Shut up, you dumbling, mumbling little brick!
I guarantee your ask me ass wouldn't go to a black neighborhood and say that crap, boy!
Yeah, you're real big saying it over the internet, oh boy!
Real big saying it over the computer, you stupid, autistic ass burger piece of crap.
Give me that goddamn iceberg.
I bet you wouldn't say that in real life, dear boy.
I guarant goddamn kid, boy.
That's why you're talking garbage over a goddamn computer right goddamn now.
You son of a bitch.
Let me have another drink for Christ's sake.
This is a Bowler Friday.
This is it.
647 Radio Goddamn Graffiti.
I never fed never freaking f done that.
I'm here to see your ass behind.
Are you?
Hold on.
Are you making paws hole music out of my voice, you son of a bitch?
Are you making paws hole music to my voice?
You son of a bitch!
Don't you dare!
Don't you dare make pause hole music to my voice, you sick, twisted, fossil silver pets.
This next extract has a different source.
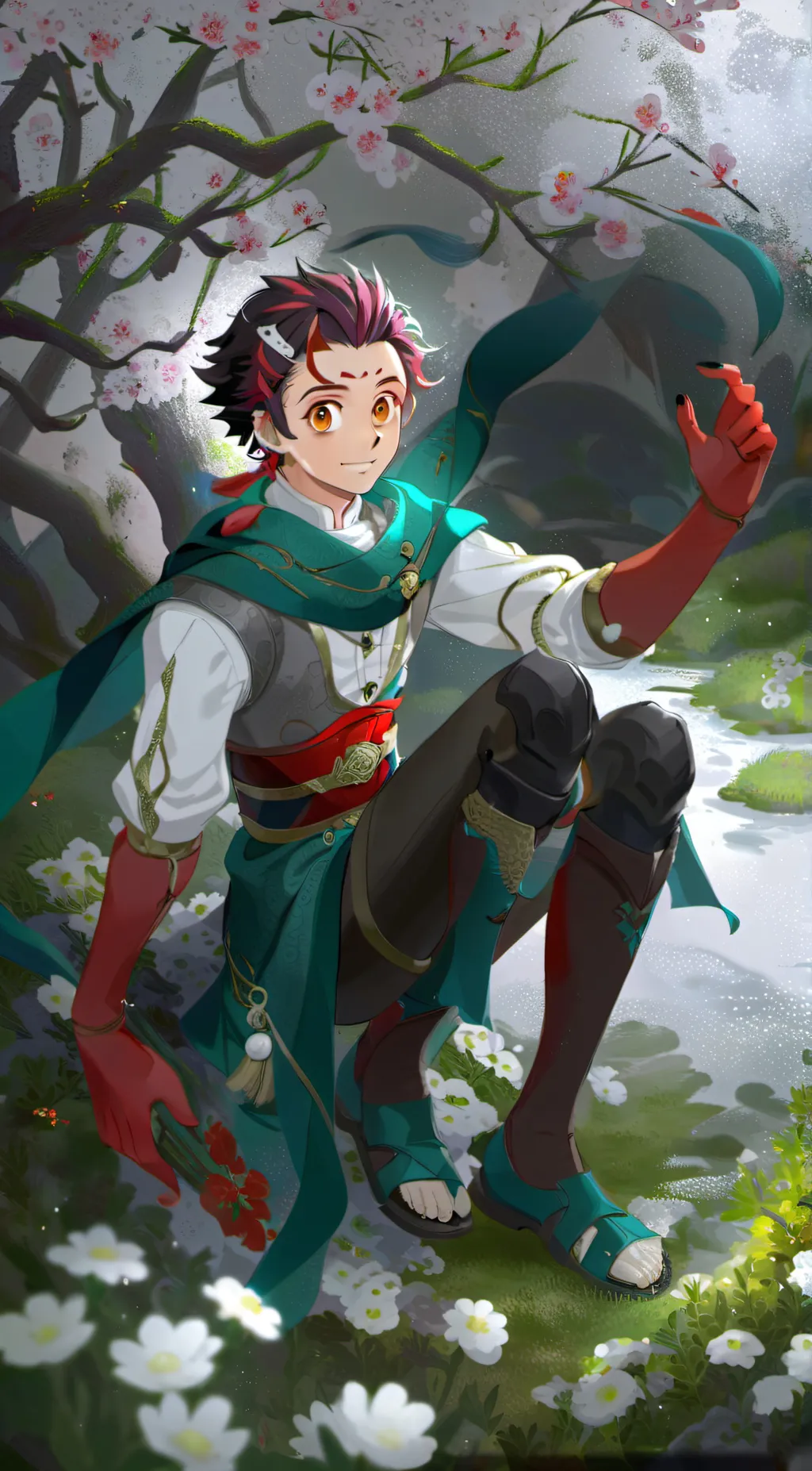 ai character: Tanjiro  background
Don't you dare no pause hole music, boy.
Give me the freaking No Pawshole music and my voice.
You got that?
Son of a bitch.
305 radio damn graffiti.
Oh, Daddy, I smacked these homes.
I started my pee-pee in some cheerios.
I got a paint toll in my nose and I beat my diaper everywhere I go.
Month a hot bunny.
Poop my pants, and now it's running.
I go.
You think that's funny?
I stumped my diaper with all my money.
Jeffy, blind, blind.
Jeffy, don't do that.
Blind.
Blind.
What the hell?
What the hell is that supposed to be for Christ's sake?
What the hell was that?
813, Radio Goddamn Graffiti.
Wait, wait, wait.
We got another true capitalist radio penist in the house.
Is that it?
Another true capitalist radio penist in the house.
Oh, God.
Who else do we have going on over here for Christ's sake?
How about Anonymous Radio Graffiti?
We can't even understand you, you sorry sack of crap.
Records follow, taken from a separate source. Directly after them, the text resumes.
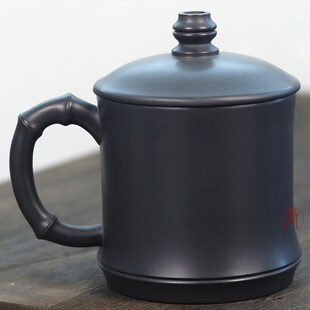 石黄紫砂杯大容量宜兴男士高档中式盖杯办公室家用泡茶杯陶瓷杯子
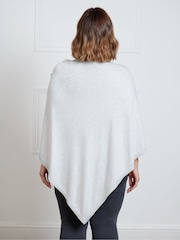 Grau - Live Unlimited Poncho mit Knopfdetails - Bild 4 von 5
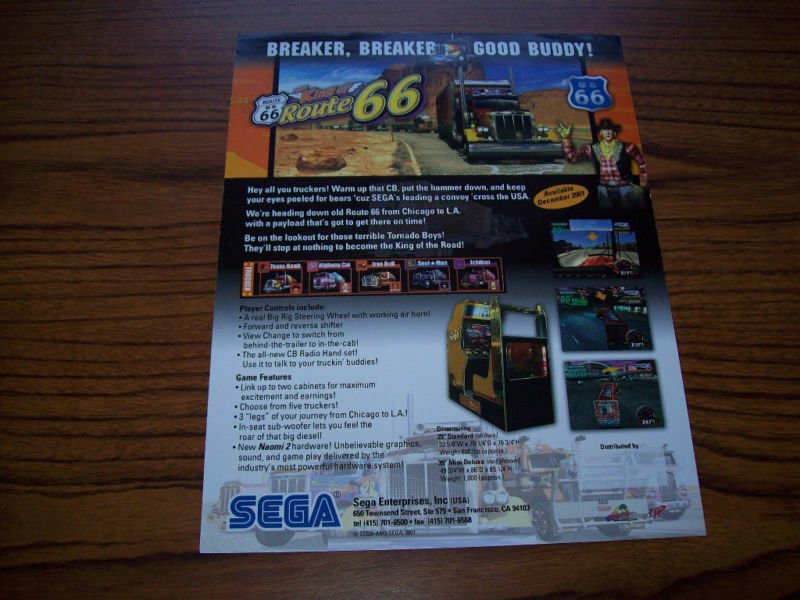 SEGA KING OF ROUTE 66 ARCADE VIDEO GAME FLYER BROCHURE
Jesus Christ, how about man, everybody playing butt darts out there?
How about 713 radio graffiti?
We got the Pac-Mexican radio graffiti.
Oh, yeah, we're gonna Trump junk out America, baby.
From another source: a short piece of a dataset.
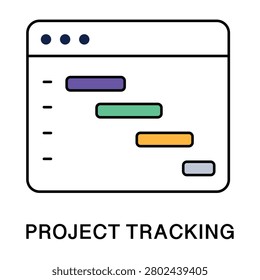 gantt chart color icon vector illustration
Come on down and get Simmons tax to your house investors and government battlements.
Talking butt cards stamped at CBT for all the keys, David.
Okay, you know what?
Shut up, Pac-Mexican.
Don't not in Trump's America.
Not in Trump's America.
Not in Trump's America.
Not in Trump's America, you burrito-eaten piece of crap.
Don't you dare!
Credit Card Spam Call In00:01:36
Don't you even go there?
Jesus, give it a mic!
Give it a moment!
Jesus Christ, man!
Oh my god.
I'm glad we're almost done, man.
Anonymous radio graffiti.
Anonymous.
Ah, Jesus Christ.
Another Helen Keller deaf mute for Christ's sake.
I mean, come on.
Jesus Christ.
Anonymous radio graffiti.
Hi, welcome to my little pony hotline.
You have reached the secret hotline for bronies that are trying to coop.
If you would like to put in your credit card, please do it now.
If not, I will give you a number in which you will be billed on your telephone.
What the hell are you to tell me that's a freaking troll and that's not real?
Tell me that's a freaking troll and that's not real.